**The input**

_ _ _ _ _ _ _

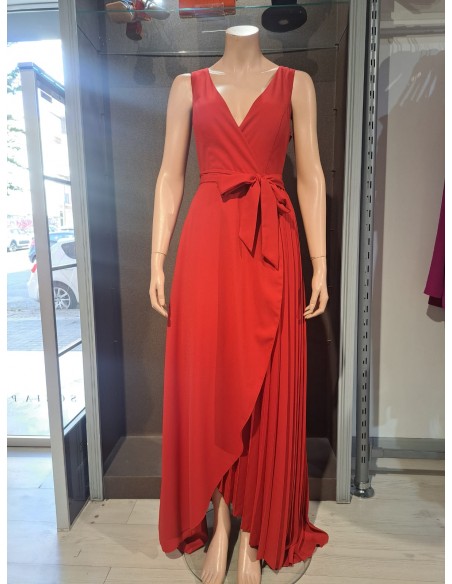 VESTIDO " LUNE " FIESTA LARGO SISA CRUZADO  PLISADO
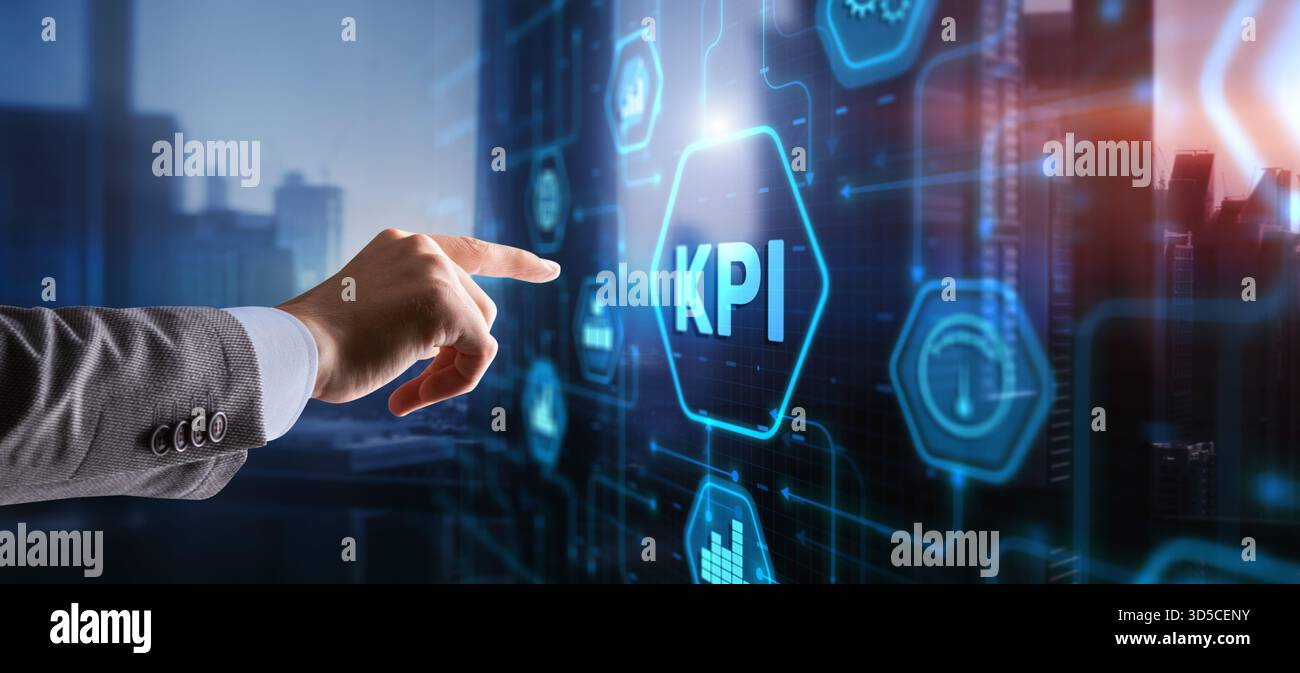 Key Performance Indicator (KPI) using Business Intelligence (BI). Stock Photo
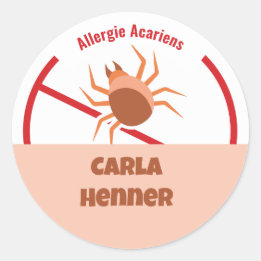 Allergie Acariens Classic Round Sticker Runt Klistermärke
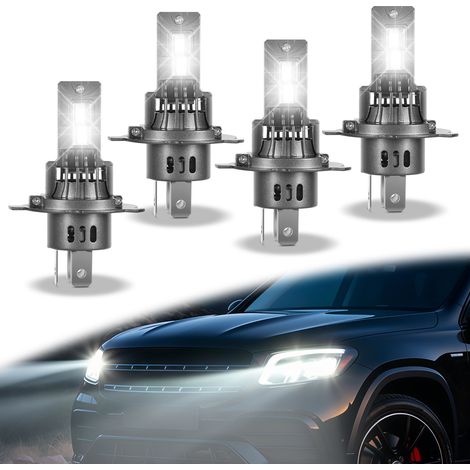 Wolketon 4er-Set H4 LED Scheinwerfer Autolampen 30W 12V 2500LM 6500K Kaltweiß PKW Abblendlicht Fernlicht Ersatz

_ _ _ _ _ _ _

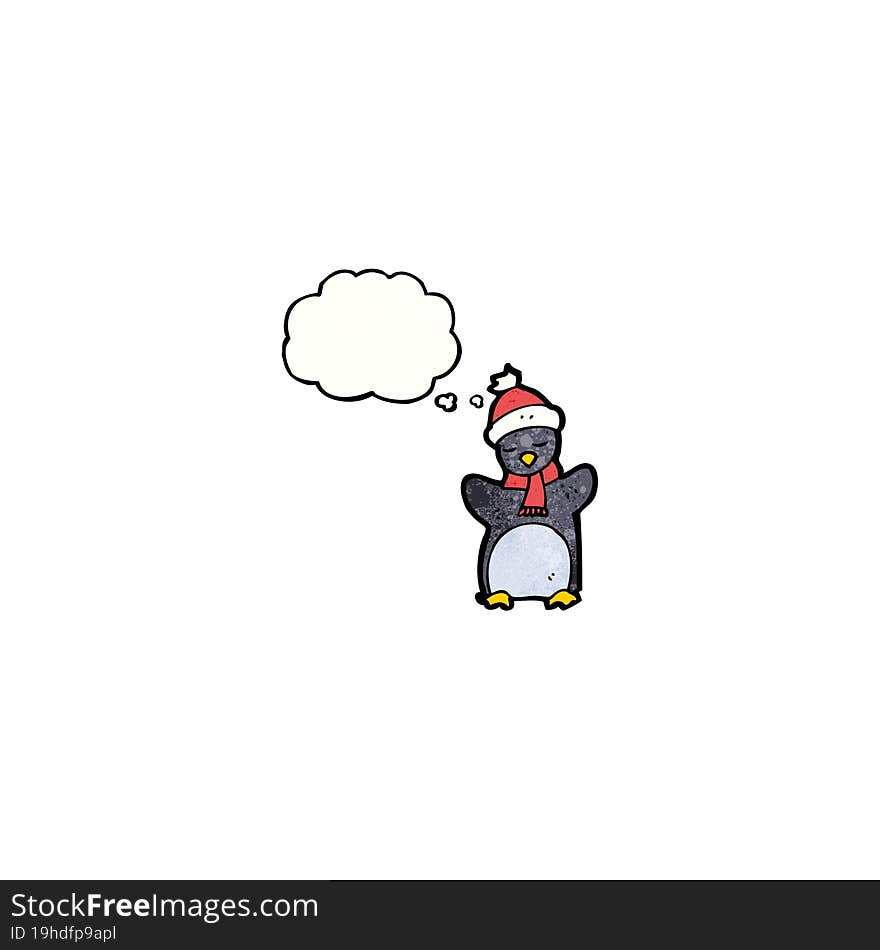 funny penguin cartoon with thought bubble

_ _ _ _ _ _ _

**Work to be completed**
Look above for the line with "Allergie Acariens Classic" and the line with "Wolketon 4er-Set H4", then restate exactly those two lines and all lines between them, with no pictures.

**Task output**
 Allergie Acariens Classic Round Sticker Runt Klistermärke
 Wolketon 4er-Set H4 LED Scheinwerfer Autolampen 30W 12V 2500LM 6500K Kaltweiß PKW Abblendlicht Fernlicht Ersatz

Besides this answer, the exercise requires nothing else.